In the past few decades, metal-organic framework (MOF) materials have been widely researched, due to their flexible tailoring characteristics, unique crystalline porous nature, large specific surface area, and potential functions in various fields such as electrode materials for lithium-ion batteries/sodium-ion batteries (LIBs/SIBs), 4 hydrogen gas storage, 5 perovskite solar cells, 6 biomedical applications, 7 and so on. In particular, carboxylate ligands, especially aromatic carboxylate ligands have been shown to be good building blocks in the design of metal-organic frameworks (MOFs) with desired topologies owing to their rich coordination modes. 8 , 9 Furthermore, copper(II) complexes have received considerable attention in potential biological applications owing to their stability and biocompatibility. 10 , 11 Herein, a new binuclear Cu(II) complex using 3-(3-(pyridin-2-yl)-1H-pyrazol-1-yl)propanolate as the bridging carboxylate ligand and 2,2′-bipyridine as a terminal chelating ligand was synthesized and structurally determined.

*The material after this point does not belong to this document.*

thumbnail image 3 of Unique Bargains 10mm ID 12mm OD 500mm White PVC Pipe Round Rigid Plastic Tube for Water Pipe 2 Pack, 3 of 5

The molecular structure of the binuclear Cu(II) complex is shown in the figure (A: 1-x, 1-y, 1-z). Single-crystal X-ray diffraction analysis reveals that the asymmetric unit of title complex contains one independent Cu(II) cation, one 3-(3-(pyridin-2-yl)-1H-pyrazol-1-yl)propanoic ligand anion, one 2,2′-bipyridine ligand and one nitrate anion. Each Cu(II) ion is five-coordinated by one carboxylate oxygen atom (O1 or O1A) from 3-(3-(pyridin-2-yl)-1H-pyrazol-1-yl)propanoic ligand anions, two nitrogen atoms (N4, N5 or N4A, N5A) of neutral 2,2′-bipyridine ligands and two nitrogen atoms (N2A, N3A or N2, N3) from the other 3-(3-(pyridin-2-yl)-1H-pyrazol-1-yl)-propanoate ligand anions, which forms a distorted CuN4O tetrahedral coordination geometry. One carboxylate oxygen atom (O1 or O1A) and three nitrogen atoms (N5, N4, N3A or N5A, N4A, N3) form a relatively normal square plane of the tetragonal pyramid, with the torsion angle of 10.248(76), and the Cu atom is slightly deviated from the plane (0.2097 nm), while another nitrogen atom (N2A or N2) occupies the apical position. The Cu–O and Cu–N bond lengths are 1.9781(16) Å and in the range of 1.9950(19) to 2.2743(19) Å, respectively, which are similar to those found in other Cu(II) complexes with similar coordination environment. 12 The angles around Cu center range from 78.10(7) to 174.28(7).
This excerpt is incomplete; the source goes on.